-- Given information follows --

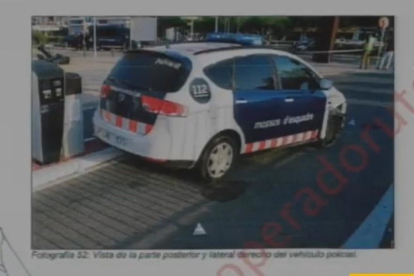 El vehículo policial después de ser embestido por el Audi A3 que los cinco terroristas utilizaron en Cambrils.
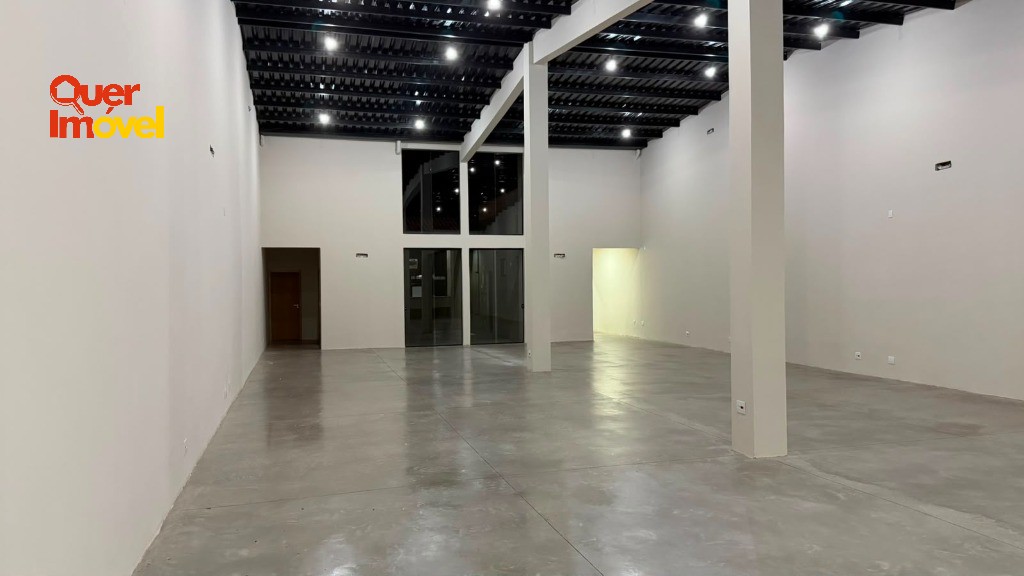 Aluguel de Imóvel Comercial de 140m² no Jardim Sumaré, Ribeirão Preto-SP! 2 banheiros inclusos. Quer Imóvel Negócios Imobiliários.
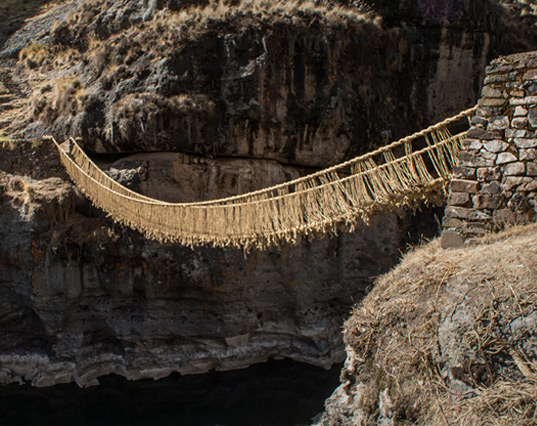 Puente Q’eswachaka, 2014. Fotografía por Doug McMains, NMAI.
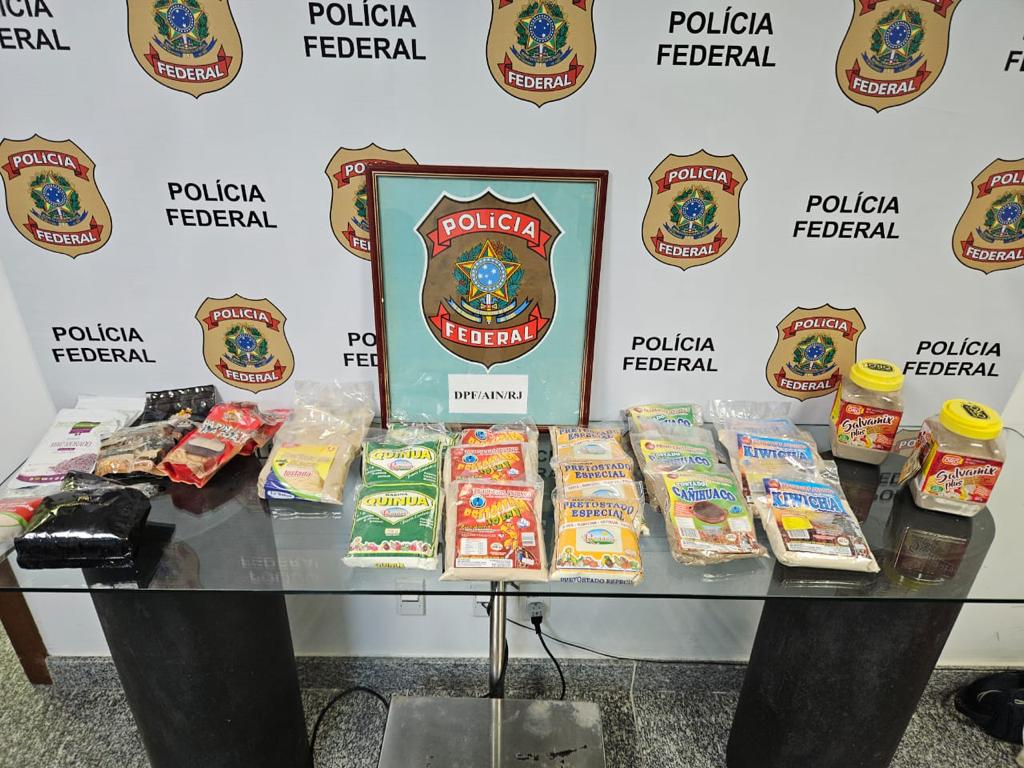 PF prende peruano que tentava embarcar com cocaína em pacotes de farinha no Aeroporto Galeão (Foto: Divulgação)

-- Given information concluded --

## Work order
Set the listing above down again exactly, leaving pictures out.

## Task answer
 El vehículo policial después de ser embestido por el Audi A3 que los cinco terroristas utilizaron en Cambrils.
 Aluguel de Imóvel Comercial de 140m² no Jardim Sumaré, Ribeirão Preto-SP! 2 banheiros inclusos. Quer Imóvel Negócios Imobiliários.
 Puente Q’eswachaka, 2014. Fotografía por Doug McMains, NMAI.
 PF prende peruano que tentava embarcar com cocaína em pacotes de farinha no Aeroporto Galeão (Foto: Divulgação)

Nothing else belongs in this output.